Нет возможности, конечно, да, пожалуй, и необходимости передавать весь наш разговор вчерашний.
Я упомяну еще об одной мысли, высказанной Львом Николаевичем. Он вспомнил мысль профессора Бугаева о нравственных и физических законах. Я сделал слабое возражение, сказав, что многие выводят законы нравственные из законов физических как их ближайшее следствие.
Л. Н-ч, немного повысив голос, заметил: «Да ведь нам нужны те нравственные законы, которые учат нас, как поступать с каждым отдельным лицом, с вами, с женой, с извозчиком, с мужиком, а разве те господа касаются этих законов? Они выводят те общие законы, которые нам никогда и применять-то не придется в жизни, до которых нам и дела-то нет. А вот эти-то законы и освещаются светом христианства».
Когда теперь, через 24 года, я перепечатываю эти строки, я живо восстанавливаю в моей памяти этот знаменательный вечер. Я вспоминаю, с какой деликатностью Л. Н-ч отнесся ко мне. Разговор зашел о несовместимости некоторых человеческих профессий со званием христианина. Лев Николаевич очень мягко и широко говорил о том, как можно быть «христианином» во всевозможных профессиях.
«Конечно, – оговорился он, – я должен исключить из этого числа по крайней мере две профессии: военную и судейскую». И, посмотрев на меня, прибавил: «Простите, что я говорю это в вашем присутствии». А на мне был тогда военно-морской сюртук. Л. Н-ч знал уже, как я отношусь к военной службе, и я знал, что он это знает, и что я носил эту форму уже лишь по инерции, готовясь перейти на гражданскую службу.
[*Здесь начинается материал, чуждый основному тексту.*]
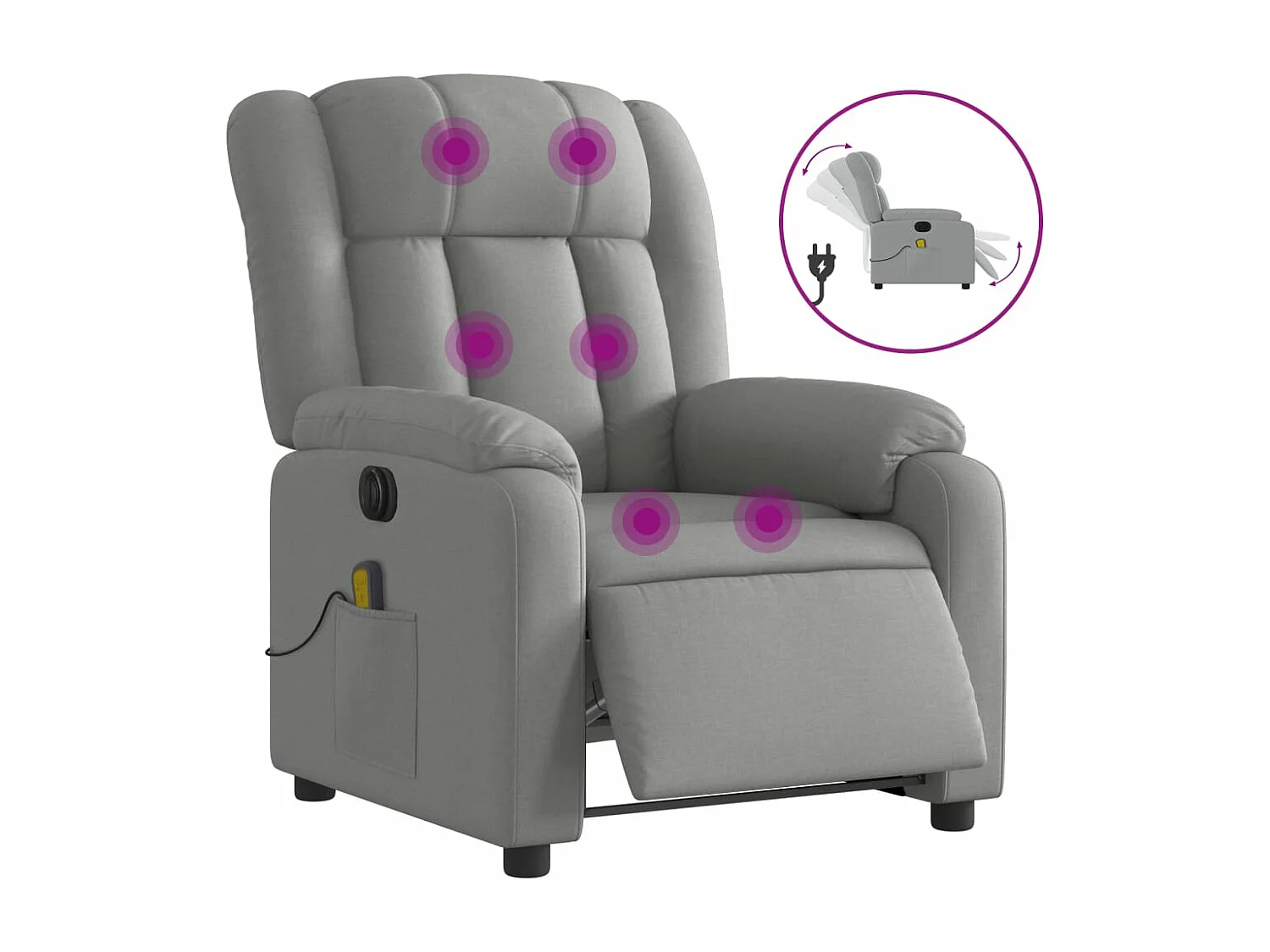 Fauteuil de massage inclinable électrique gris clair tissu REO42766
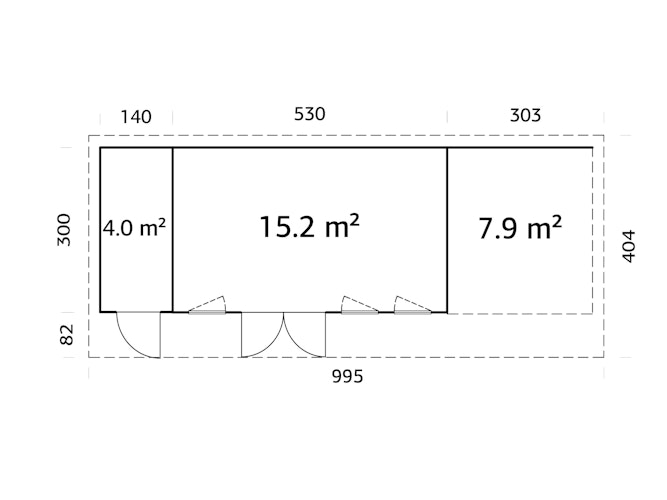 Palmako Gartenhaus Aurelia 19,2+7,9 m² - 44 mm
Но как мне было тогда стыдно за свою военную форму!»
Вскоре после нашего свидания Л. Н-ч снова уехал в Ясную Поляну. Он написал оттуда С. А. письмо; мы заимствуем из него прелестную поэтическую картинку:
Декабря 8, 1884 года.
«Вчера, когда я вышел и сел в сани и поехал по глубокому, рыхлому, в поларшина (выпал вновь) снегу, в этой тишине, мягкости и с прелестным зимним звездным небом над головой, с симпатичным Мишей, я испытал чувство, похожее на восторг, особенно после вагона с курящей помещицей в браслетах, с доктором, перорирующим о том, что нужно казнить, с какой-то пьяной ужасной бабой в разорванном салопе, бесчувственно лежавшей на лавке и опустившейся тут же, и с господином с бутылкой в чемодане, и со студентом в пенсне, и с кондуктором, толкавшим меня в спину, потому что я в полушубке. После всего этого Орион, Сириус над Засекой, пухлый, беззвучным снег, добрая лошадь и добрый воздух, и добрый Миша, и добрый бог».
С этого времени мое отношение ко Л. Н-чу меняется, он уже перестает быть для меня высоким, но далеким учителем и литературным гением, он становится для меня близким и горячо любимым другом. На этом я и кончаю свой второй том. Следующий, третий том я буду уже писать по личным воспоминаниям, добавляя и проверяя их другим материалом и описанием главнейших событий из жизни Л. Н-ча, в большей части которых мне самому приходилось принимать участие.
Поэтому литературный характер третьего тома будет несколько иной. Но одна и та же руководящая нить должна связать все три тома: правда и любовь к тому, кого я изображаю.
П. Бирюков . Кострома, с. Ивановское, 7 августа 1908 г.